Meanwhile, the Heat Wave book launch means the deal with the police is done, and Castle and Beckett keep butting heads over it-- he's got an offer to relaunch 'a certain British spy' and wants to take it, but doesn't want to leave Beckett; she thinks he wants her to tell him to do it, and has this image of not wanting to put up with him anymore, so she keeps insisting that she'll be fine and even relieved to see him go. This hurts his feelings because he likes working with her and thinks he's been more use than that, and hurt feelings make him snarky. Snarkiness makes her angry, and so she's insisting more firmly that he's just in the way. And so on and so forth until the case is solved and they have to part ways. And they're very civil about it. They both have things to say, you can see it in the awkward way they both keep almost saying things and then not doing so, but they shake on it and prepare to go their separate ways. It's sad because they like each other (though it's probably not at a capital-L level yet, though his agent saw how he was looking at her and told him to get it over with already), and they're both misinterpreting the situation, but neither will just admit that they want to stay together.
So, sad all around.
But in the end of the case, they get the kid's read dad (the dead woman's ex husband) and his supposed-mom (the doctor's wife, now effectively widowed by his life imprisonment for murder) together so he can meet his actual son and tell her about her actual son. And my head immediately gave them a shared-trauma-leads-to-unlikely-love happily ever after. And Becett and Castle get simultaneous calls from their bosses informing them that Nikki Heat is through the roof and they want three more books, and so they're still together whether they want to or not-- which causes anger and consternation that's really there to cover up relief.
Yay! They're still a team! It looked almost like they were actually going to split them up and make me suffer through episodes where they're doing separate things and have to work their way back together after only five episodes.

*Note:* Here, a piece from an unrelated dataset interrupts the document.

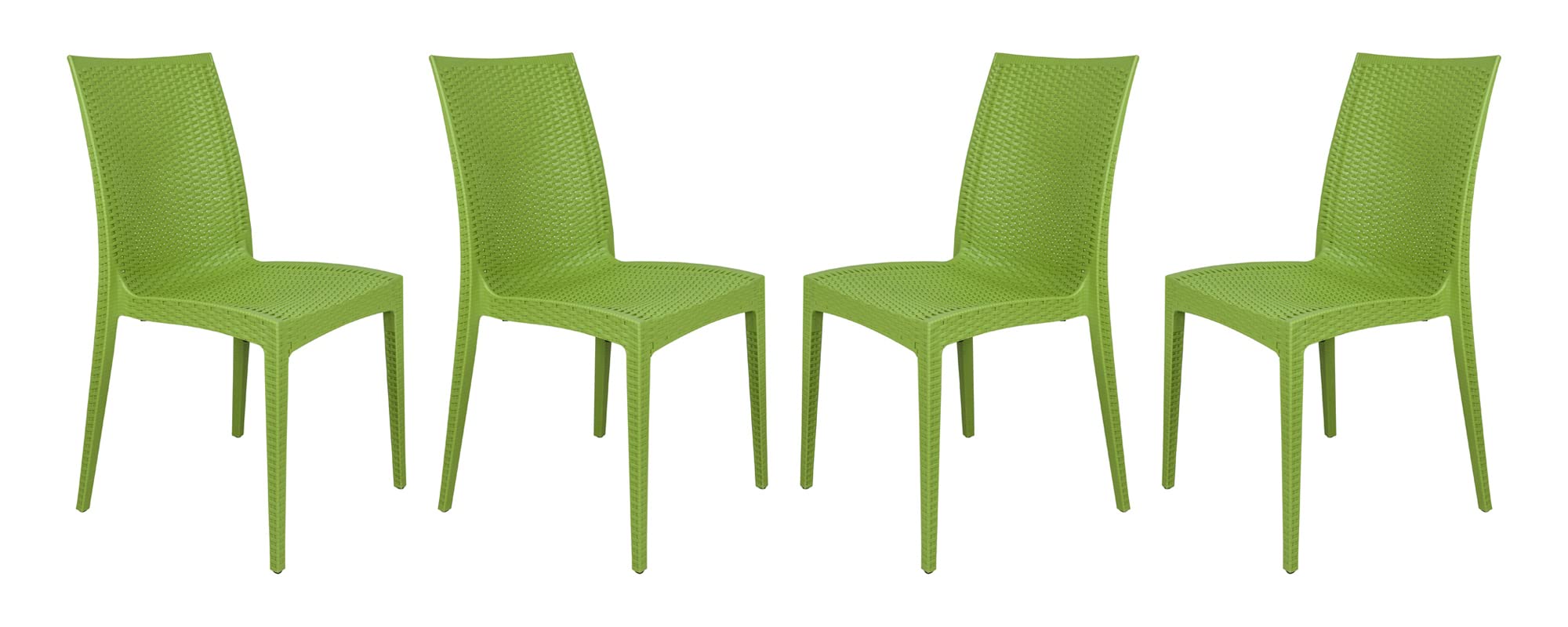 LeisureMod Modern Indoor/Outdoor Home Decorative Furniture Weave Mace Dining Chair (Armless), Set of 4 - Green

I really liked this ep. I love how Castle and Beckett are gravitating toward each other mostly against their own better judgement. And I like how their snarking covers the fact that they actually do respect each other and are starting to blur into something like a real friendship with tinges of the sexual tension that was always there. I think they can go far. People like tension in their TV shows, sure, but I don't think it has to be chaste forever-- remember Remington Steele? This could totally go that way: no actual consummation, but the occasional making out, the embroilment of emotions, and the constant reminder that she's in a dangerous line of work and he's not quite trustworthy. Maybe that's why I like this show so much-- it's like RS, and there hasn't been something like that since it went off the air. Most things that try to walk that line wind up in Moonlighting land where there's too much snark, too much fighting, and not enough love and deepening respect. I think this show is good-hearted enough to walk the line and avoid Moonlighting hell.